(Supplied information)

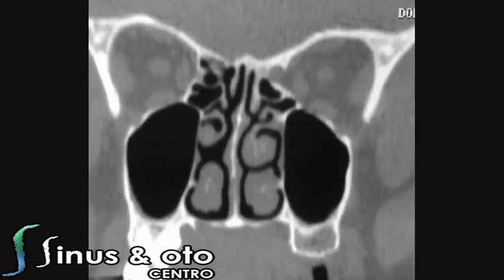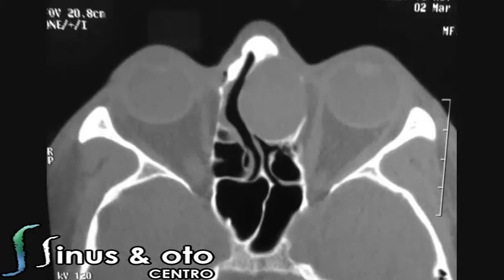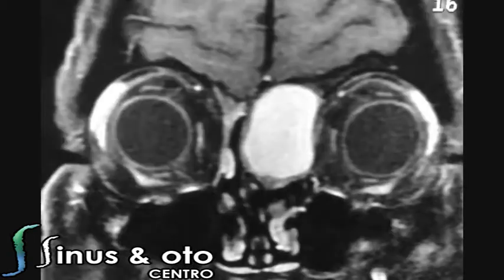We'll see in the MRI in a bit that there is no defect on the skull base. These are the axial cuts showing the lesion in the left side nasal cavity in very intimate contact with the left side orbit content.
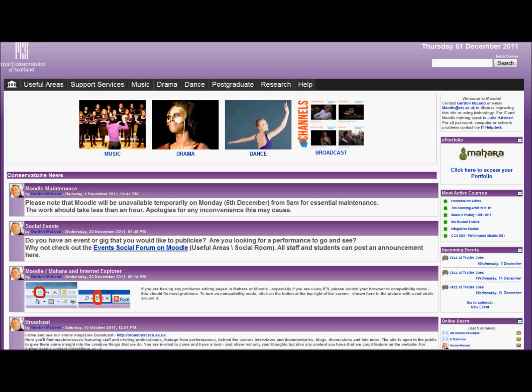Okay, here we're going to look at how to share your Mahara journal with your tutor.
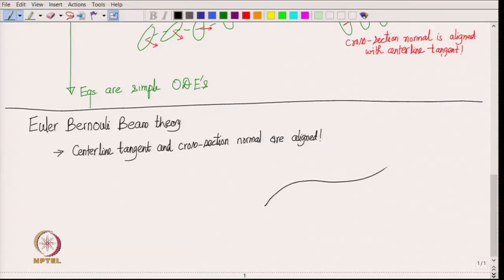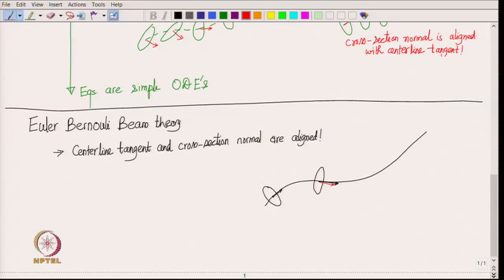In Euler-Bernoulli beam theory, it is assumed that the center line tangent and the normal to the cross section are aligned. So at every point along the deformed center line, the cross-section is placed such that its normal is along the tangent to the center line. The question is then what equation to solve to obtain the deformed center line. We recall the bending formula: EI times curvature equals the bending moment M.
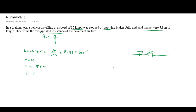We apply the kinematic formula: v² minus u² equals 2as. Here, v equals zero, and u equals 8.33 meters per second, so we have 0 minus 8.33 squared.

(End Supplied information)

__Instructions to follow__
Transcribe the listing above in full and exactly; no pictures belong in the copy.

__Answer below__
We'll see in the MRI in a bit that there is no defect on the skull base. These are the axial cuts showing the lesion in the left side nasal cavity in very intimate contact with the left side orbit content.
Okay, here we're going to look at how to share your Mahara journal with your tutor.
In Euler-Bernoulli beam theory, it is assumed that the center line tangent and the normal to the cross section are aligned. So at every point along the deformed center line, the cross-section is placed such that its normal is along the tangent to the center line. The question is then what equation to solve to obtain the deformed center line. We recall the bending formula: EI times curvature equals the bending moment M.
We apply the kinematic formula: v² minus u² equals 2as. Here, v equals zero, and u equals 8.33 meters per second, so we have 0 minus 8.33 squared.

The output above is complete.